To do so, we’ll first create a basic heatmap and set “return_data = T”. This allows us to access the data underlying the heatmap. We can then save the data as a new object and create two new columns for the cell border width and the cell border color based on the correlation coefficients. Finally, we recreate the original heatmap and add a new “geom_tile()” layer where we specify our new cell border width and color.

### Create a basic plot
p_basic <- ggcorrhm(Soils_continuous, 
                    layout = "bottomright", 
                    include_diag = F,
                    return_data = T)  # return the underlying data

### Create two new columns for the cell border width and color
p_data <- p_basic$plot_data %>% 
  mutate(border_width = if_else(abs(value) < 0.8, 0, 1),  # thicker cell border if |r| > 0.8
         border_color = if_else(abs(value) < 0.8, NA, "red"))  # red cell border if |r| > 0.8

### Add a new geom_tile() layer to the original plot
ggcorrhm(Soils_continuous, 
         layout = "bottomright", 
         include_diag = F,
         p_values = T) + 
  geom_tile(data = p_data,
            aes(x = col, y = row),
            fill = NA,
            linewidth = p_data$border_width,  # new cell border width 
            color = p_data$border_color)  # new cell border color

(4) Cluster the variables and annotate the heatmap

There are two more things we can do to make the heatmap look even fancier: (1) clustering the variables with a dendrogram and (2) annotating the plot.

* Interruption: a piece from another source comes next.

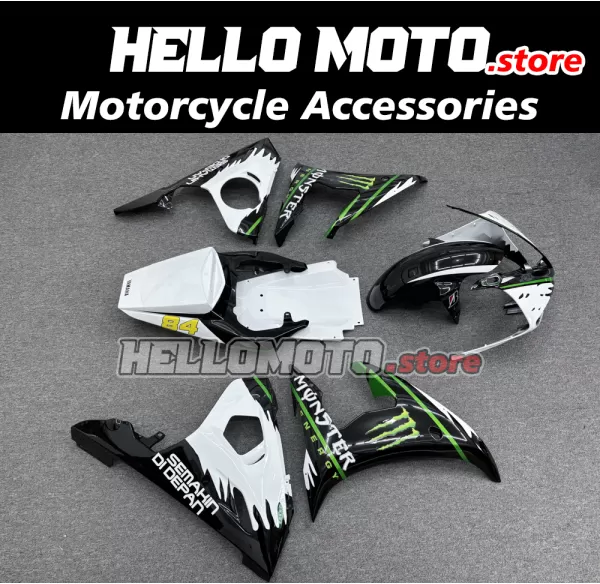 Yamaha YZF-R6 2003-2005 / R6S 2006-2009 Fairing P/N 3K39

To cluster the variables, we need to specify “cluster_rows = T” and “cluster_cols = T”, which will perform hierarchical clustering on the original data using the function hclust(). We can specify the clustering distance (default is the Euclidean distance) and the agglomeration method (default is the complete method). We can also decide whether we would like to display the row/column dendrogram using the argument “show_dend_rows/show_dend_cols = T/F”. Finally, there are multiple “dend_XXX” arguments for adjusting the dendrogram appearance.

To annotate the heatmap, we’ll first create a new dataframe with a column indicating the variable names and one or more columns of annotation variables (which can be both categorical or continuous). Simply pass the data to the argument “annot_rows_df =” (or “annot_cols_df =” depending on the side of the heatmap on which you would like annotate) and the annotation will show up in the plot! We can further customize the annotation using a variety of “annot_XXX” arguments, as shown in the example below.

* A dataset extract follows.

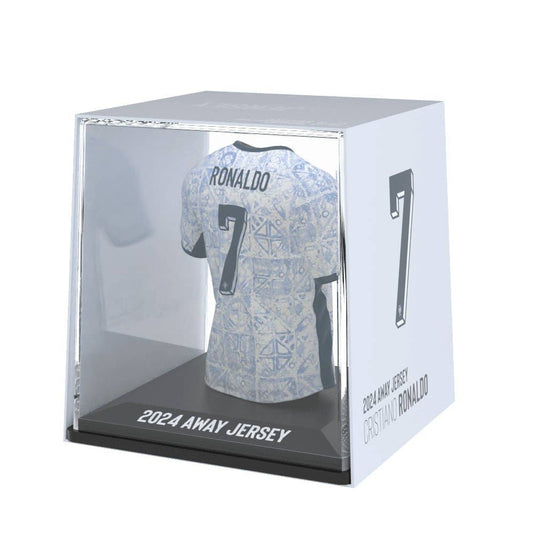 C. Ronaldo - Away Portugal Collectible Mini Jersey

### Data for highlighting cell borders
p_basic <- ggcorrhm(Soils_continuous, 
                    layout = "topright", 
                    include_diag = F,
                    return_data = T)

p_data <- p_basic$plot_data %>% 
  mutate(border_width = if_else(abs(value) < 0.8, 0, 1),
         border_color = if_else(abs(value) < 0.8, NA, "#fed976"))

### Create a dataframe for annotation
annotation_df <- data.frame(.names = colnames(Soils_continuous),  # variable names
                            Type = c("Non-element", "Element", "Non-element",  # annotation variable
                                     "Element", "Element", "Element",
                                     "Element", "Element", "Non-element"))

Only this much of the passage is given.